Akweley gaped, sure that Kofi was speaking to invisible people now. She had wanted to ask him about the fire extinguisher, but she had forgotten. She shook her head, convinced that indeed Kofi was going insane, but just then a man stepped out from behind the pillar.
Akweley almost screamed as the man turned.
He was also wearing only the bottoms of the same sky-blue pajamas, but this man was a giant!
He was not wearing any shirt, and his incredibly massive muscles and pectorals bulged with sheer power!
His arms were massive, and his chest was like a mountain! He glared at Akweley with the evillest eyes she had ever seen, making her take faltering steps back with sudden terror.
“Ei, no be small!” the giant said in an angry voice. “Lady kelewele, lady atopa, lady topai! Should I break her leg, Jabujabu?”
Kofi turned and saw the terrified face of Akweley, and he smiled sadly and shook his head.
“Let her be, Baluu. Let’s get out of here.”
Akweley watched them leave, and for one wild moment she felt a great sense of loss and sadness, and almost rushed after Kofi.
Her father, who had been behind the door, came out, took her arm, and led her inside.
For once he was very quiet.
He had seen that man with Kofi, and he was absolutely terrified!
Kofi and Baluu reached the entrance. Two of the security men were still lying down in a faint; Baluu had poleaxed them when they had refused to let Kofi enter.
The third man had fearfully opened the gates.
###
Kofi had no money, no phone, and the petrol gauge indicated that he would run out of fuel soon.
Baluu, too huge for the car, had gotten down shortly after they left the asylum, and had ripped out the front passenger seat.
Now he sat in the front and leaned back, his massive frame lying on the back seat.

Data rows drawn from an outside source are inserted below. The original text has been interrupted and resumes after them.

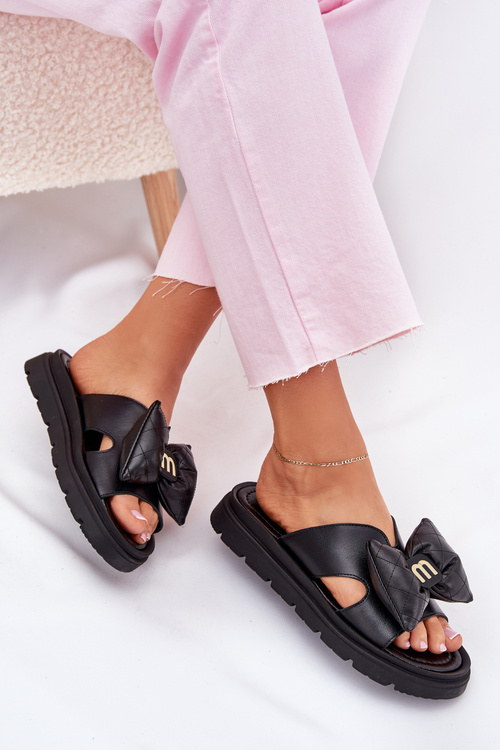 Skórzane Klapki Damskie Na Platformie Z Kokardą CheBello 4647 Czarne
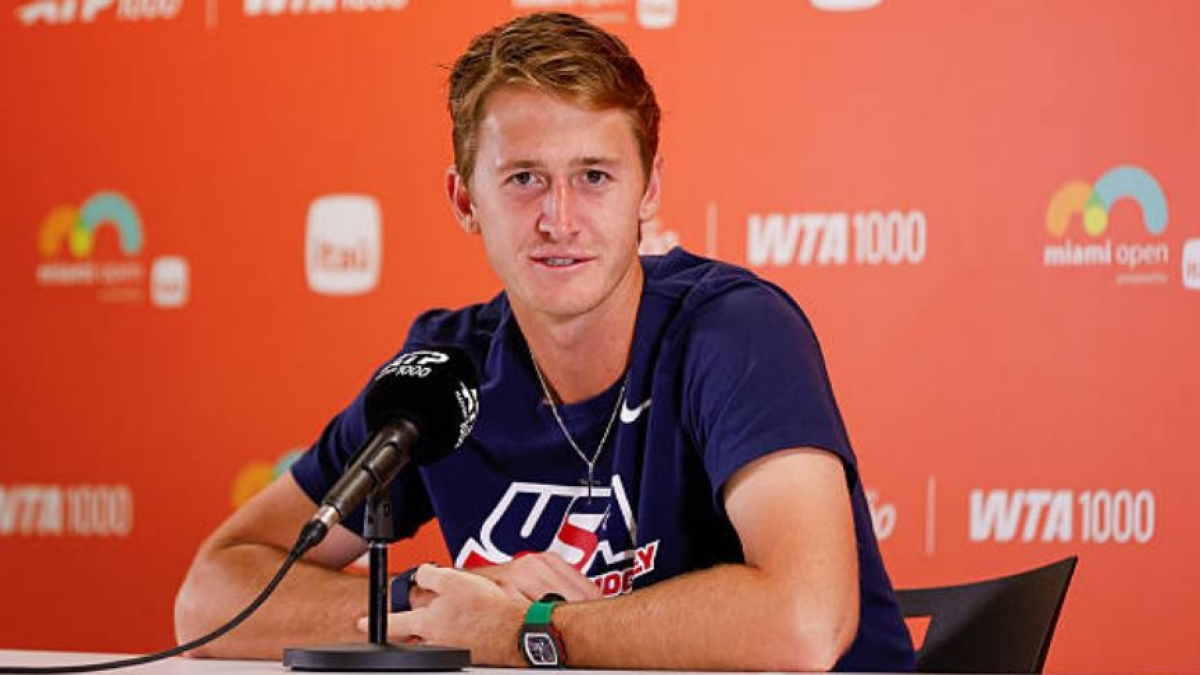 Korda, surpriza de la miami open: alcaraz, eliminat de un adversar mai slab cotat Sebastian Korda a produs o surpriză majoră la Miami Open, eliminându-l pe favoritul numărul unu, Carlos Alcaraz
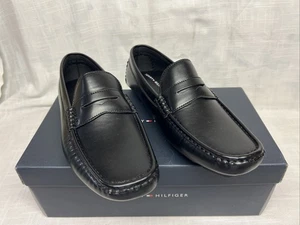 Size 7M Tommy Hilfiger Men's Black tmAMILE - Picture 1 of 8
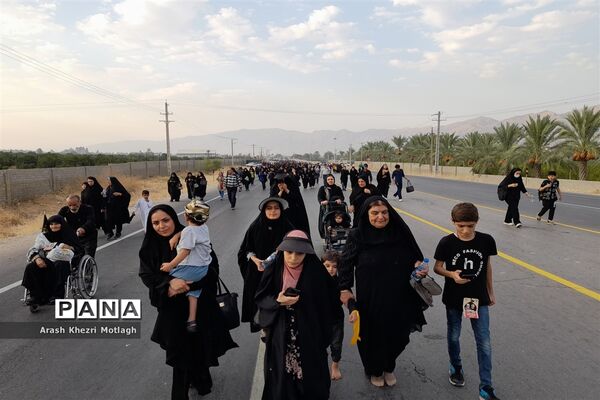 حضور کودکان در پیاده‌روی جاماندگان اربعین حسینی شهرستان کازرون‌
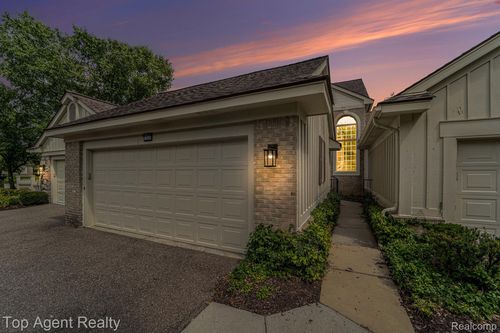 7369 Danbury Dr, West Bloomfield, MI, 48322-3582 | Card Image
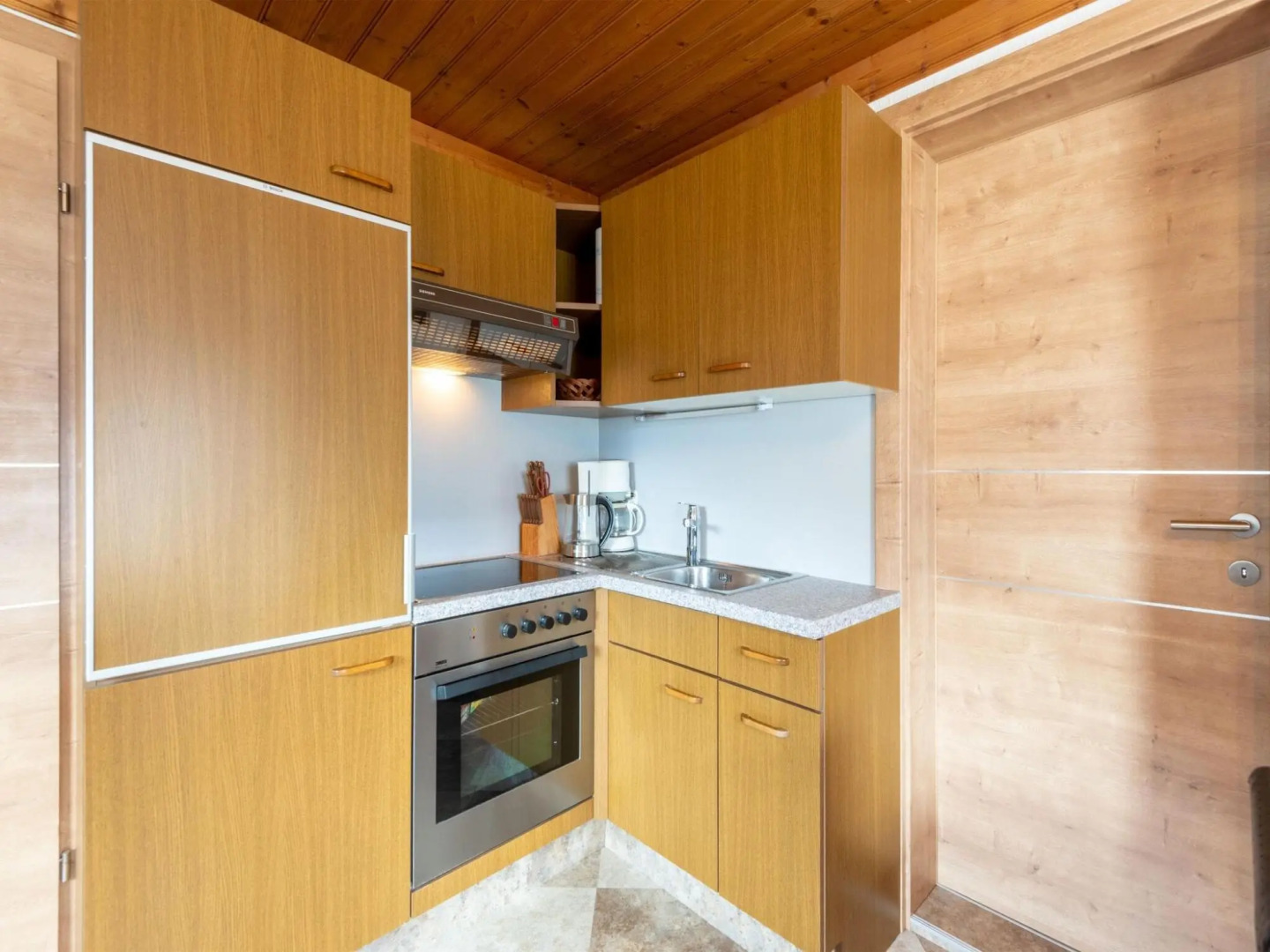 Romantic apartment in Bramberg with garden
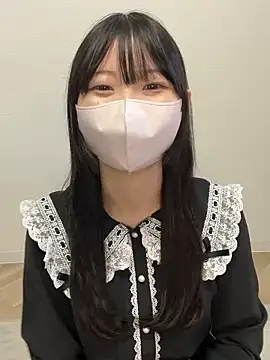 Snapshot of Reina_cute_00_ chatting on 11-06-25, 03:18 Reina cute 00 online show from 11-06-25, 03:18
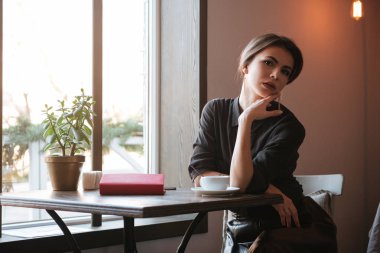 Kitap yakın masada oturan genç bayan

He had literally filled the car!
Kofi drove aimlessly through the streets of Accra whilst Baluu dozed off in the seat beside him.
That was another factor.
He had wanted to leave Baluu behind at the asylum, but the man had simply jumped into the car amidst the excitement, and with bullets whizzing past them there was no way he could have used the extinguisher to force the man out.
He contemplated going to his house and getting some few things, but that was out of the question, for now.
His neighbours might have been warned by now about his escape.
Secondly, he could not risk Baluu around people. The giant could kill someone.
He could not go to Ato’s place too because that would be one of the places the police would stake out.
Unfortunately, he did not know the directions to Maa Abena’s house. She would be the best person to help him.
Feeling weak, hungry and morose, Kofi parked at a bus station to rest a while. He knew he could not be in the car for long.
It would be one of the things the police would look out for.
He needed to plan and think about what to do.
Kofi must have dozed off, and was awakened by sudden cries and screams and he woke up with a start and looked around him.
There was a breakfast stand not far from where he had parked, and people had been having breakfast.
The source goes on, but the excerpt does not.